Mais ces deux résultats donnent déjà une indication assez précise sur l’importance accordée à la religion, sans préciser malheureusement le niveau intellectuel des sondés. « De tous les serviteurs de Dieu, seuls les savants le craignent véritablement ». Coran 35/28. Et c’est là où se situent en grande partie les origines d’une dérive catastrophique subie depuis quelques décennies. En effet, aux besoins ayant trait à l’éducation, à la santé, et au progrès en général, des apprentis-sorciers, certainement mandatées par des officines bien connues, ont proposé ou même imposé des solutions tributaires d’un engagement religieux, sous-tendu celui-là par une idéologie mortifère à tous les sens du terme. On leur martèle que la mosquée passe avant l’usine ; le pétrole s’occupant du reste, même si on oublie de rappeler que ce sont des « kouffars » qui s’en chargent.
Tant et si bien, que la quasi totalité des sondés ( 94,5% ) non seulement reconnaissent adhérer à cet « islam » d’importation, mais ils considèrent aussi que les accessoires font partie du dogme et que sans eux la foi n’est plus la foi. Ils soutiennent donc le port du hijab, reconnu implicitement comme une obligation canonique – ce qui est faux – et 34% parmi eux militent pour le voile intégral. C’est à croire que jusque là et depuis quatorze siècles, tous les musulmans ont eu tout faux, jusqu’à l’arrivée de ces prophètes de malheur.

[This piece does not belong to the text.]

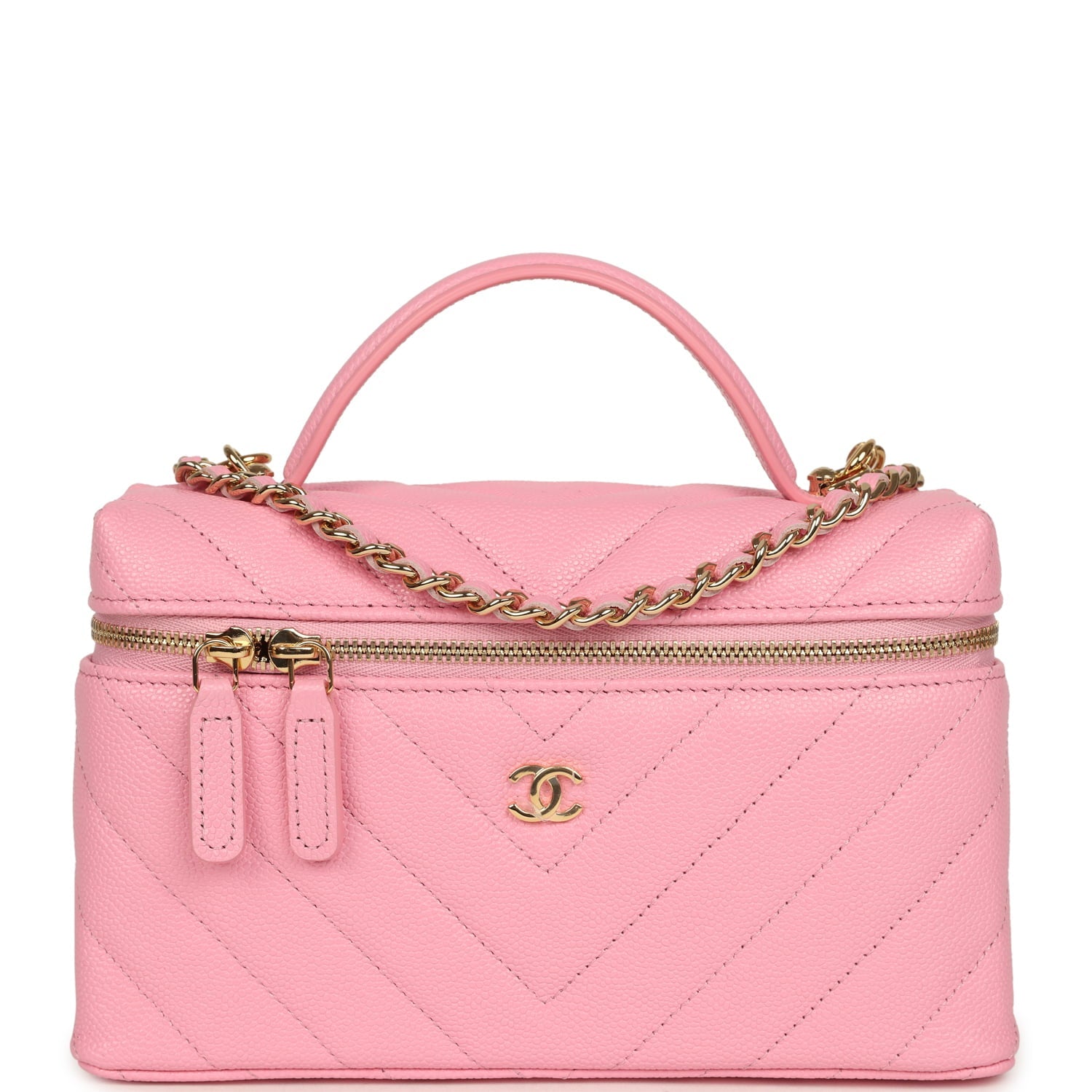 Sleek Chevron Top Handle Long Vanity Case with Chain Pink Shiny Caviar Gold Hardware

Certes il ne s’agit que d’un sondage et non d’une consultation globale et on se rassure en relativisant la gravité des réponses. Il n’empêche. Il faut se demander comment on a opéré pour établir un échantillon représentatif ? Alger, n’étant pas l’Algérie, s’est-on adressé au pays profond ? A-t-on interrogé les jeunes ? Etc…

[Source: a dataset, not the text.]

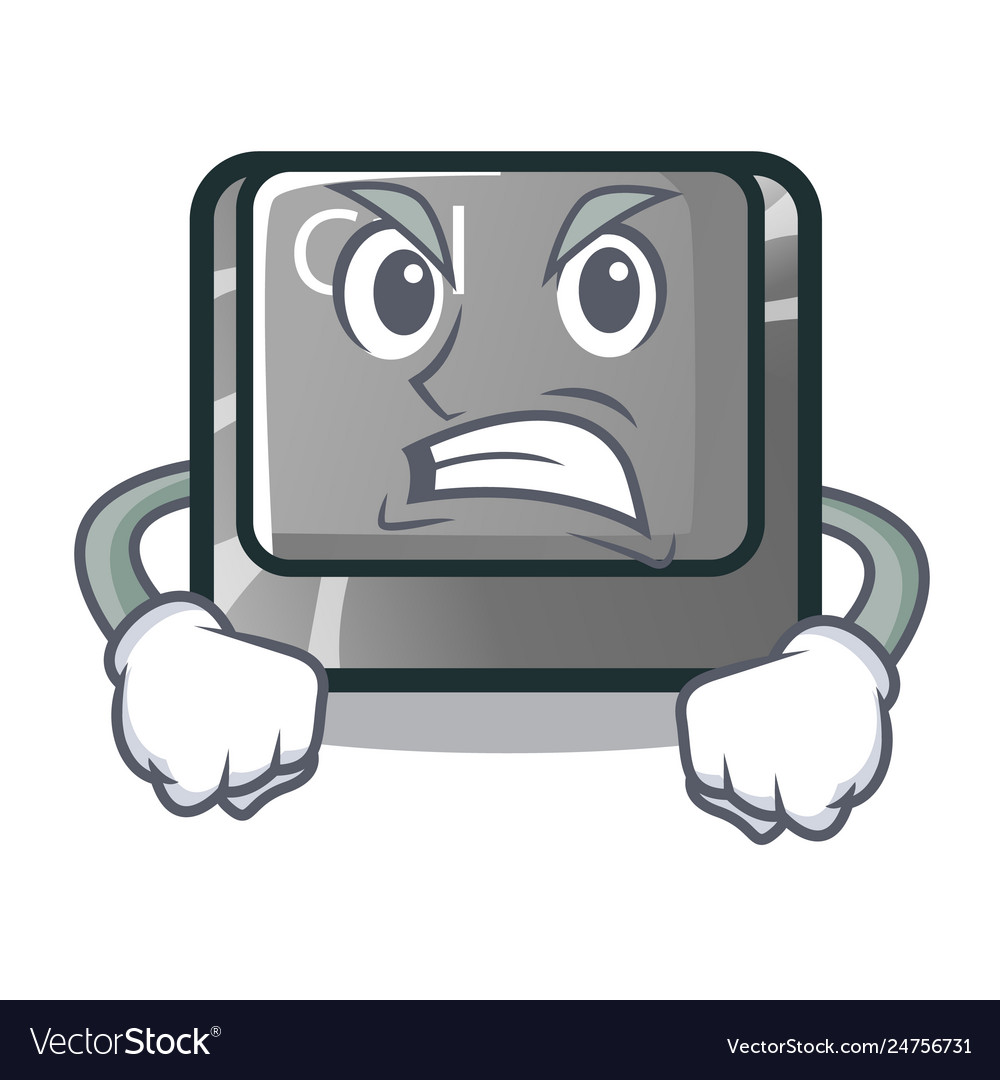 Angry character ctrl button attached on computer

Quoi qu’il en soit, il confirme des indications qu’on connaissait déjà et qui sont loin d’être rassurantes. A savoir que la vision de ce « nouvel islam d’importation » fait la part belle à la soumission et à la peur de l’enfer et n’aborde jamais le domaine de la spiritualité qui reste le fondement même de l’islam. Le Prophète (Asws) reste pour les musulmans l’exemple parfait du croyant parce qu’Il a toute sa vie exhorté le fidèle à rechercher en lui-même l’énergie de la foi et à faire un travail continuel sur soi pour corriger ses imperfections et rechercher la voie la plus saine pour aimer et vivre en parfaite harmonie avec tous les hommes. Les Soufis appellent cette quête de l’élévation spirituelle la « voie mohammedienne ». Ceux qui cherchent à se rapprocher de Dieu et à s’accomplir dans la dévotion et la prière doivent s’inspirer de cette voie et seulement de cette voie.
Ces nouveaux prédicateurs élevés en batterie au Moyen-Orient, qui font profession de guides spirituels pour nos jeunes doivent être considérés comme un danger permanent dans la mesure où ils continuent à leur tenir un discours d’exclusion, de châtiments, d’enfer et de géhenne au lieu de leur apprendre à aimer la vie et à rechercher le progrès et la science.